A partir do momento que as pessoas começam a ler e estudar sobre os protocolos criptográficos descentralizados, emerge um sem-número de temas que antes não eram discutidos pela sociedade. Dentre estes, talvez o mais importante seja o debate sobre o que é dinheiro e o papel dos governos e bancos centrais na definição das diretrizes de emissão e controle do dinheiro fiduciário.

Os aspectos relativos aos direitos dos cidadãos e cidadãs à privacidade e anonimidade também entram em pauta. Os criptoativos, notadamente o Bitcoin, oferecem alternativas diametralmente opostas e mais coerentes àquelas que a sociedade está acostumada.

E o que dizer sobre a discussão do papel dos intermediários na economia? O setor cripto coloca um novo desafio para a indústria financeira, que precisará repensar a sua função como prestadora de serviços. No final das contas, o Bitcoin, a tecnologia Blockchain e os diferentes criptoativos que vêm surgindo irão agregar mais fluxo para as instituições financeiras e serão a infraestrutura desse novo mundo. Novas possibilidades de serviços e produtos que ainda sequer conseguimos imaginar irão certamente emergir.

Os ciclos dos criptoativos estão criando um novo tipo de evento, que talvez poderíamos chamar de “micro bolhas”. Elas surgem, valorizam os projetos, trazem investimentos, claramente amadurecem o ecossistema como um todo, mas depois estouram, dando início ao uma nova fase de desenvolvimento.

É evidente que muitos projetos com menor tração tecnológica deixaram de existir ao longo dos últimos anos, mas as tecnologias mais sólidas, como o Bitcoin, continuam prosperando e aumentando o seu efeito de rede.

O final dos anos 90 e início dos anos 2000 nos mostraram que a famigerada bolha das empresas da era internet acabou gerando negócios que são extremamente importantes atualmente. O caso mais tangível talvez seja a Amazon. Em dezembro de 1999, a ação da empresa de Jeff Bezos era negociada por cerca de US$100. Em setembro de 2001, ela valia meros US$7. Hoje, ela vale mais de US$1.700.

A Amazon, que surgiu com a proposta de vender livros pela internet, passou a atuar nos mais diversos segmentos e, inclusive, entrega na porta da minha casa produtos alimentícios frescos. Quem poderia imaginar que uma empresa que viveu o período da bolha das “dotcom” ofereceria serviços e produtos tão diversos e seria uma das maiores corporações do mundo?
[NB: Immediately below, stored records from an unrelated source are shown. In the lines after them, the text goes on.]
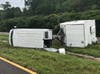An overturned food trailer spilled propane onto State Road 60. 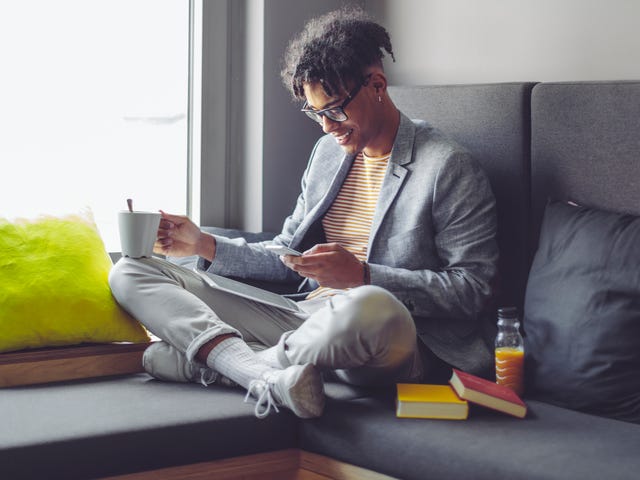 Man learning English online through private classes while relaxing at home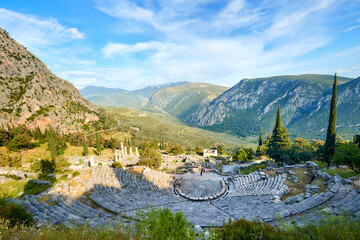 Greek history theme: Athenian Treasury ruins in Delphi against sun, low angle, ultra wide photo, sun and rays, beautiful day. UNESCO World Heritage Site, Greece.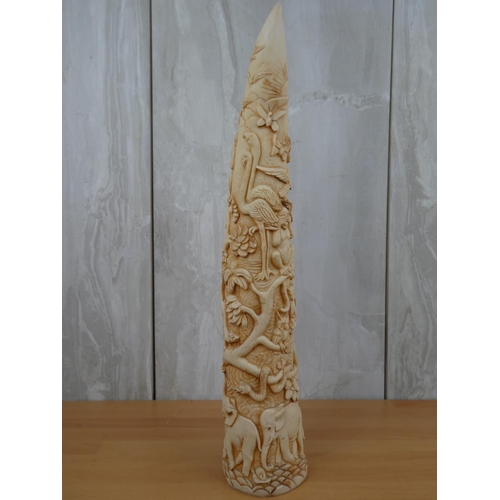 675 - A resin tusk with decoratively carved details.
O desenvolvimento tecnológico, ainda mais quando se trata de algo tão disruptivo como é o caso dos ativos digitais, não é um passeio tranquilo à beira-mar. Ondas gigantes e até mesmo tsunamis fazem parte do horizonte. Estes eventos, contudo, levam as pessoas a expandirem o conhecimento e preparem suas embarcações para a travessia em direção a novos oceanos.